Mary Ellen Pleasant, a.k.a “Mammy Pleasant,” was an abolitionist, millionaire and conductor of the Underground Railroad. From Nantucket, Massachusetts and born around 1814, Pleasant earned a reputation as the “Mother of Human and Civil Rights in California.” She stated in her memoirs that she was born a slave to a voodoo priestess and the youngest son of Virginia Governor, James Pleasant.
Pleasant worked in bondage at 10 years old for the Hussey Family until her contract was completed. Maintaining her relationship with the Husseys, Pleasant used her connections to free slaves. She and her first husband, James White, both physically passed as white people and took on the profession of being “slave stealers.”
In an 1866 case, Pleasant fought her ejection from a city streetcar in Pleasant vs. North Beach & Mission Railroad Company. The court ruled in her favor and segregation was outlawed in public conveyances. She set a huge precedent for the California Supreme Court.
During the Gold Rush, and after husband James White died, Pleasant remarried, but kept telling those around her that she was a white woman. She worked at the Cape and Heiser men’s restaurant in San Francisco and during her shifts, she listened to financial tips and gossip from the rich white men. Pleasant befriended a man named Thomas Bell at the local bank. Using Bell’s financial advice, she and her second husband were said to have made a fortune worth over $30 million.

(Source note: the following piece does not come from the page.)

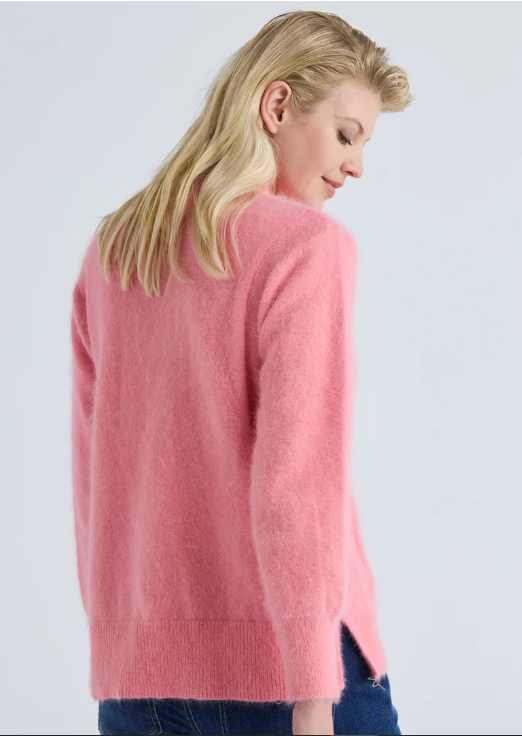 LANIA THE LABEL BEAU SWEATER SORBET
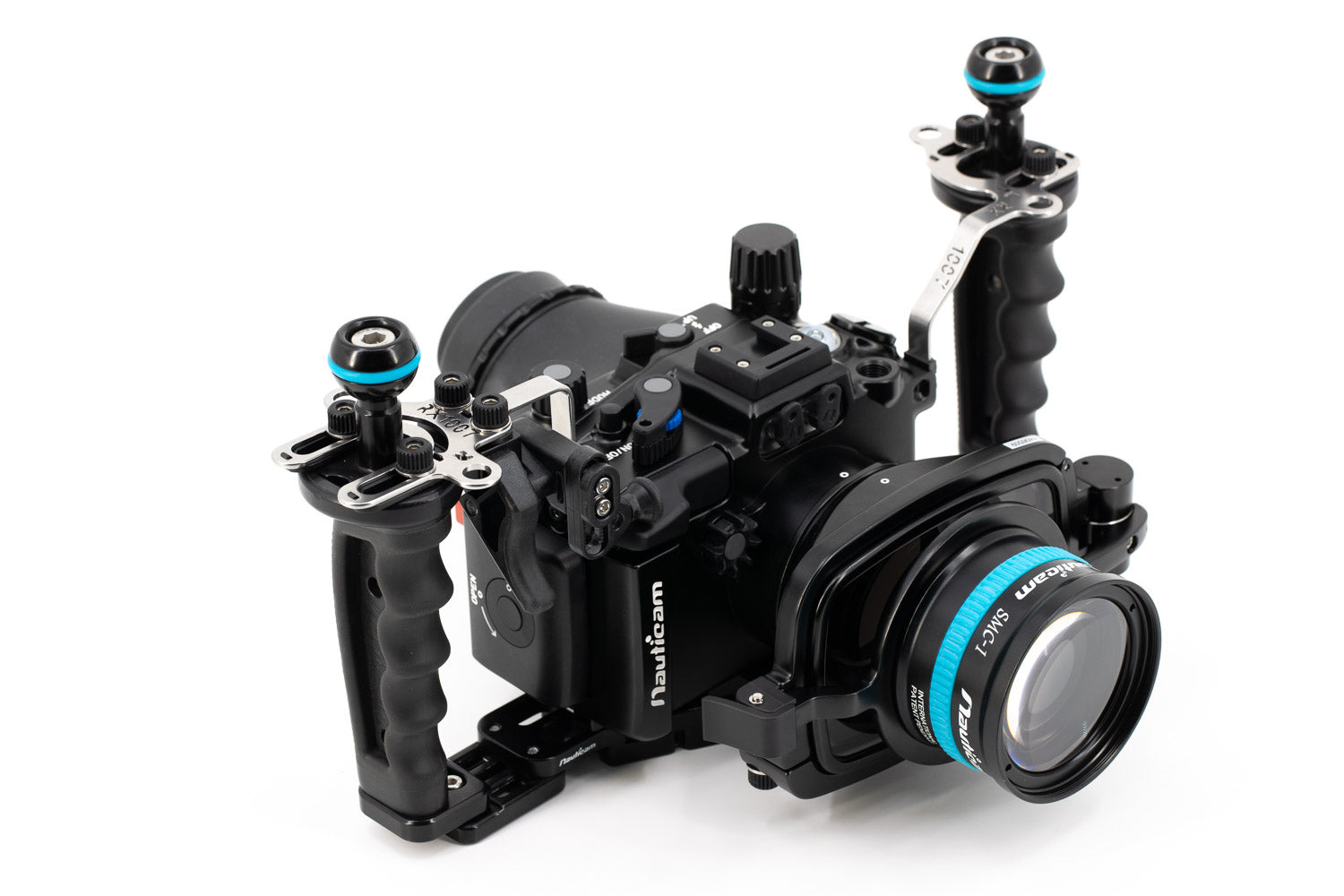 Waterproof Underwater Housing for Sony DSC RX100 VII Digital Camera - Scuba Diving, Snorkeling & Marine Photography Accessory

Unfortunately, Pleasant's name was smeared in a nasty 1884 court battle involving Thomas Bell, where his widow, citing a marriage scandal between Bell and Pleasant, sued her. During that time Pleasant was nicknamed “mammy” in the newspapers.
Despite her personal battles, Pleasant used her money to support black leaders all over the country. That’s how she earned her second nickname, of “The Black City Hall.”
Pleasant died in 1904 and was buried at Tulocay Cemetery in Napa, CA.